Following a move to Göttingen in 1902, Minkowski became fascinated by the mathematics of physics, especially the interaction of light and matter. When Einstein unveiled his theory of special relativity in 1905, Minkowski was spurred on to develop his own theory, in which space and time form part of a four-dimensional reality. This concept inspired Einstein’s theory of general relativity in 1915, but by then, Minkowski was dead—killed at 44 years old by a ruptured appendix.
Key work
1907 Raum und Zeit (Space and Time)
See also: Euclid’s Elements • Newton’s laws of motion • Laplace’s demon • Topology • Proving the Poincaré conjecture
IN CONTEXT
KEY FIGURE
Srinivasa Ramanujan (1887–1920)
FIELD
Number theory
BEFORE
1657 In France, mathematician Bernard Frénicle de Bessy cites the properties of 1,729, the original “taxicab” number.
1700s Swiss mathematician Leonhard Euler calculates that 635,318,657 is the smallest number that can be expressed as the sum of two fourth powers (numbers to the power of 4) in two ways.
AFTER
1978 Belgian mathematician Pierre Deligne receives the Fields Medal for his work on number theory, including the proof of a conjecture in the theory of modular forms that was first made by Ramanujan.
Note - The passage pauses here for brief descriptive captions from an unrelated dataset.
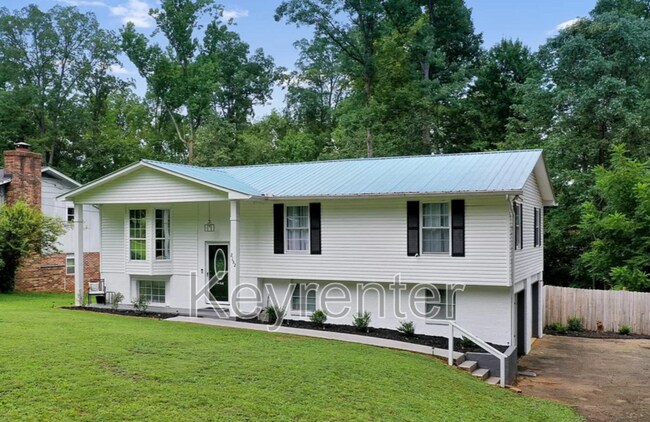 Building Photo - 2152 Ridgecrest Dr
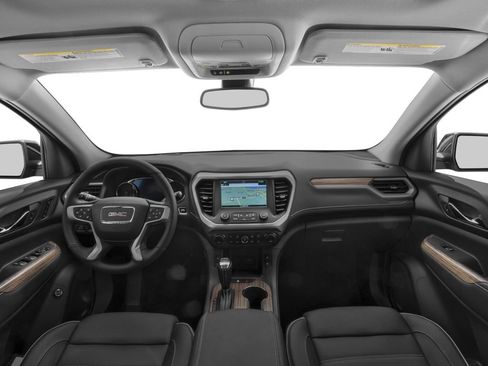 Used 2017 GMC Acadia Denali w/ Technology Package AWD/4WD image 5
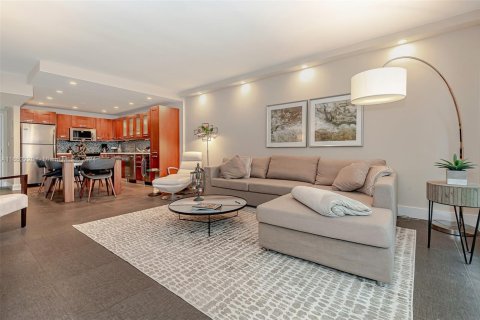 Condominio en alquiler en Miami Beach, Florida, 2 dormitorios, 89.19 m2 № 1345534 - foto 5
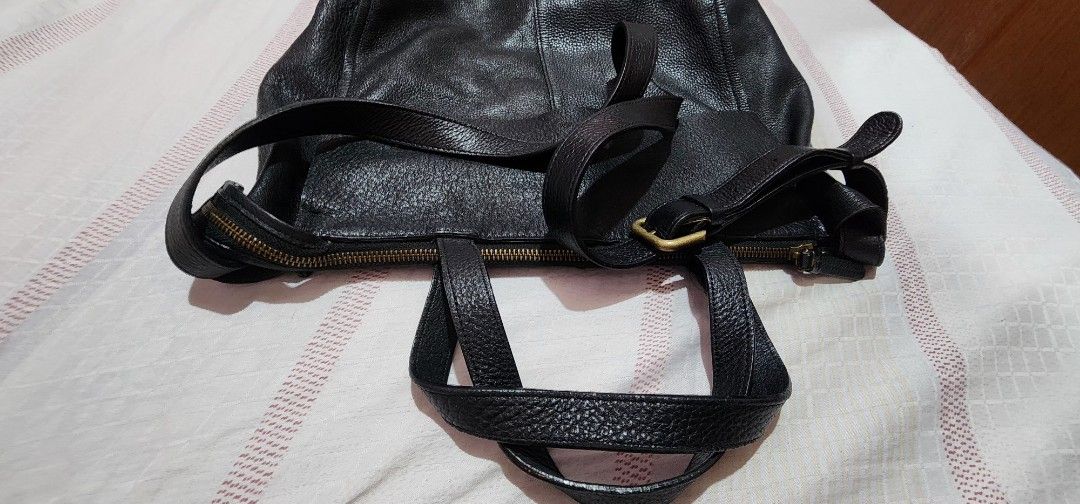 Little Farmers 2 way bag (Category: Shoulder Bags) located in Cebu City. Submitted by rhea20ph (Listing ID 1361356464, Image 3). Description: pre loved item genuine leather medium size 2 way design zipper closure minimal signs of wear price plus sf.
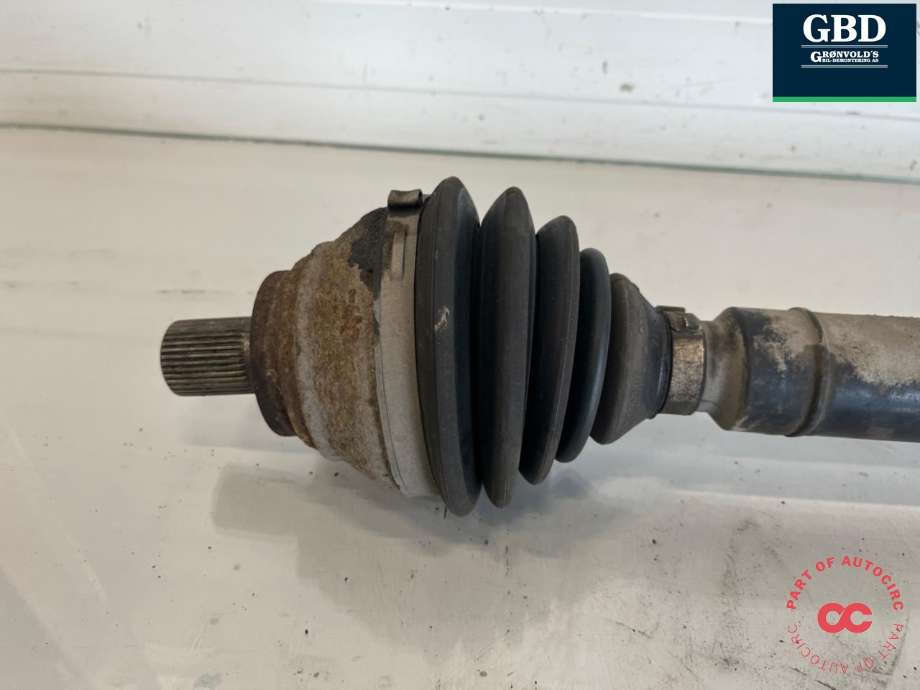 Drivaksel høyre foran, diesel/manuell til VW Caddy 2010-2015 (Type III, Fase 2) (3Q0 407 272 AB|2K0 407 272 E|2K0 407 272 EX)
A“taxicab” number, Ta(n), is the smallest number that can be expressed as the sum of two positive cubed integers (whole numbers) in n (number of) different ways. They owe their name to an anecdote from 1919, when British mathematician G. H. Hardy went to Putney, London, to visit his protégé Srinivasa Ramanujan, who was unwell. Arriving in a cab with the number 1,729, Hardy remarked, “Rather a dull number, don’t you think?” Ramanujan disagreed, then explained that 1,729 is the smallest number that is the sum of two positive cubes in two different ways. Hardy’s frequent retelling of this story ensured that 1,729 would become one of the best-known numbers in mathematics. Ramanujan was not the first to make note of this number’s unique properties; French mathematician Bernard Frénicle de Bessy had also written about them in the 1600s.
Extending the concept
The taxicab story inspired later mathematicians to examine the property that Ramanujan had recognized and to expand its application. The hunt was on for the smallest number that could be expressed as the sum of two positive cubes in three, four, or more different ways. A further question was whether Ta(n) exists for all values of n;
in 1938, Hardy and British mathematician Edward Wright proved that it does (an existence proof), but developing a method of finding Ta(n) in each case has proved elusive.
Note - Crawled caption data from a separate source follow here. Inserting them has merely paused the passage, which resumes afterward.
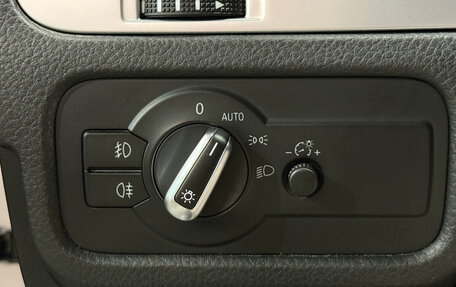 Volkswagen Touareg III, 2014 год, 3 215 000 рублей, 14 фотография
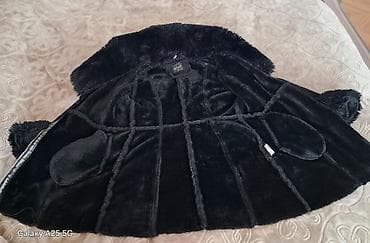 - Ženski zimskI kaput od veštačkog krzna i štofa, crne boje na lalafo.rs — 3 - Ženski zimskI kaput od veštačkog krzna i štofa, crne boje — 3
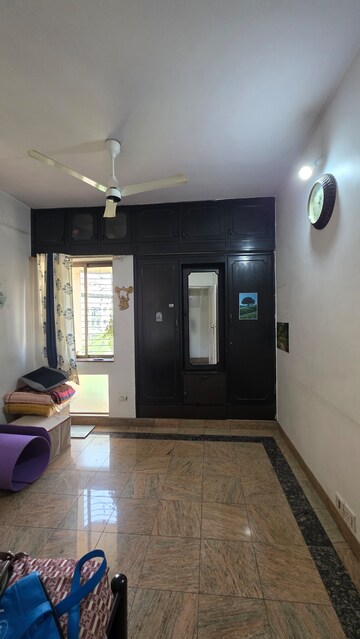 Furnished Amenities in 2 BHK Apartment at Triveni Vasant Vihar CHS, Vasant Vihar – for Sale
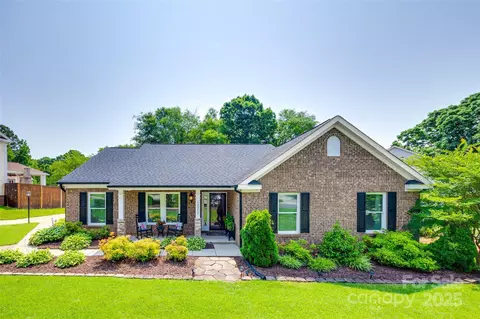 12311 Bentcreek Ln, Matthews, NC 28105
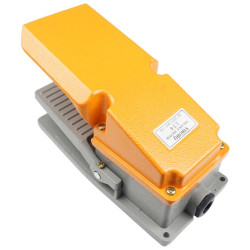 Wyłącznik nożny włącznik przycisk pedał z osłoną NO NC 380V 10A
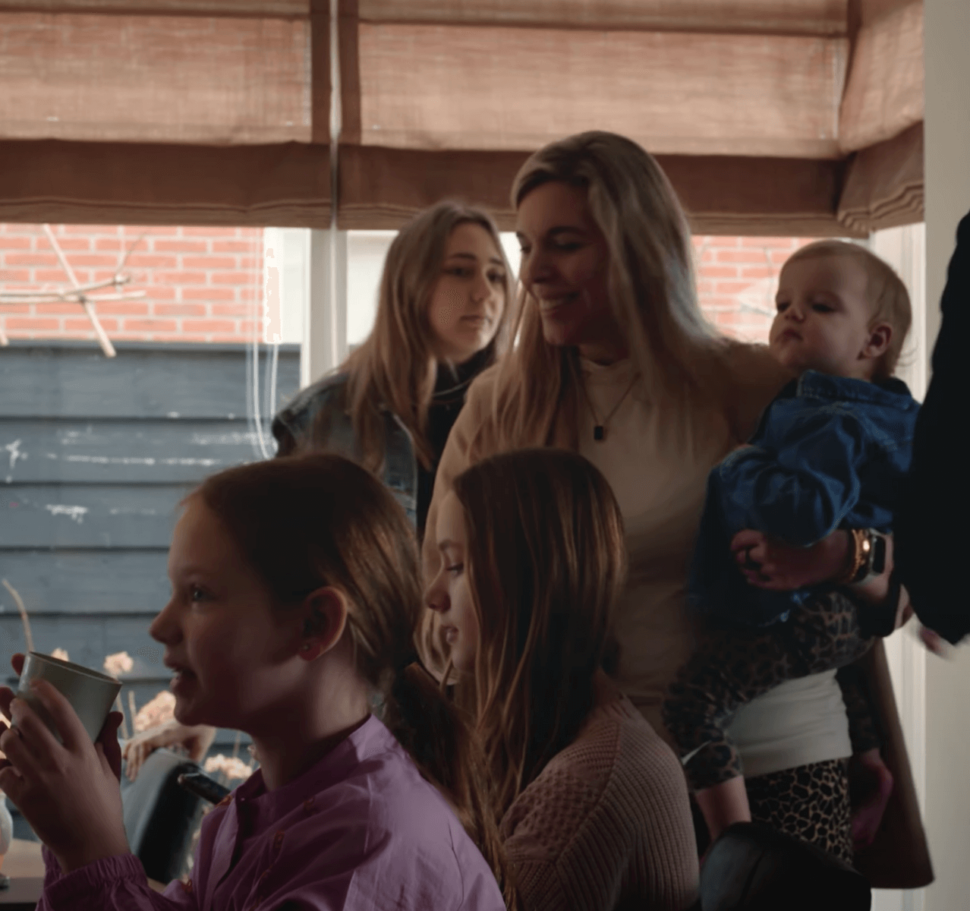 Familie aan tafel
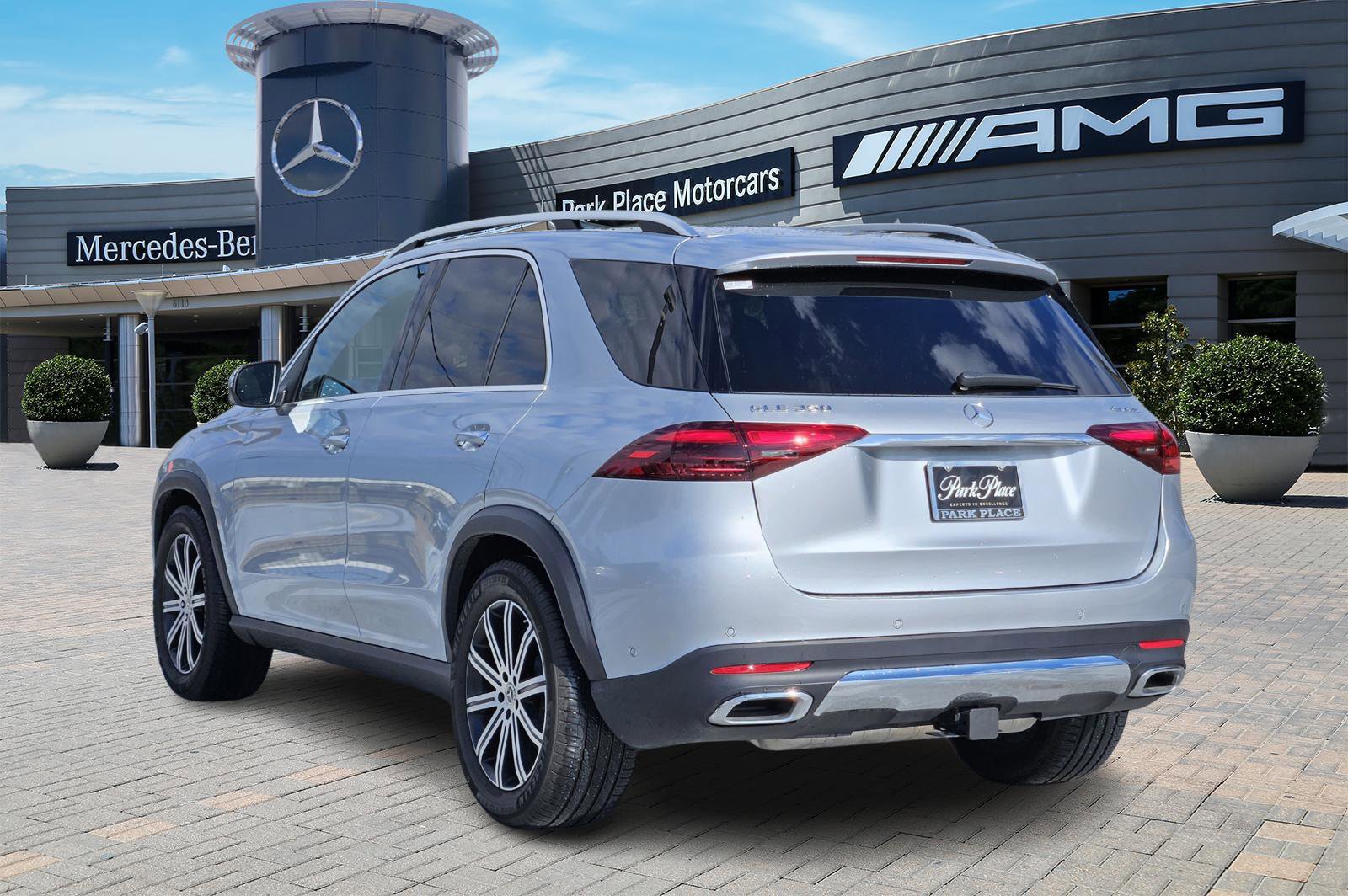 Certified 2025 Mercedes-Benz GLE 350 4MATIC image 4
Extending the concept further, the expression Ta(j, k, n) seeks the smallest positive number that is the sum of any number of different positive integers (j), each to any power (k) in n distinct ways. For example, Ta(4, 2, 2) requires the smallest number that is the sum of four squares (or two fourth powers) in two different ways: 635,318,657.
The existence of Ta(n) was proved theoretically in 1938 for all values of n, but the search is still on for larger taxicab numbers. Even with the benefits of computer calculations, mathematicians have not yet moved beyond Uwe Hollerbach’s discovery of Ta(6).
Continuing relevance
Taxicab numbers were only one area of Hardy and Ramanujan’s work. Their main focus was prime numbers. Hardy was excited by Ramanujan’s claim that he had found a function of x that exactly represented the number of prime numbers less than x; Ramanujan was unable, however, to offer a rigorous proof.
Taxicab numbers have little practical use, but they still inspire scholars as curiosities. Mathematicians now also seek “cabtaxi” numbers: based on the taxicab formula, these allow calculations using both positive and negative cubes.
An equation means nothing to me unless it expresses a thought of God.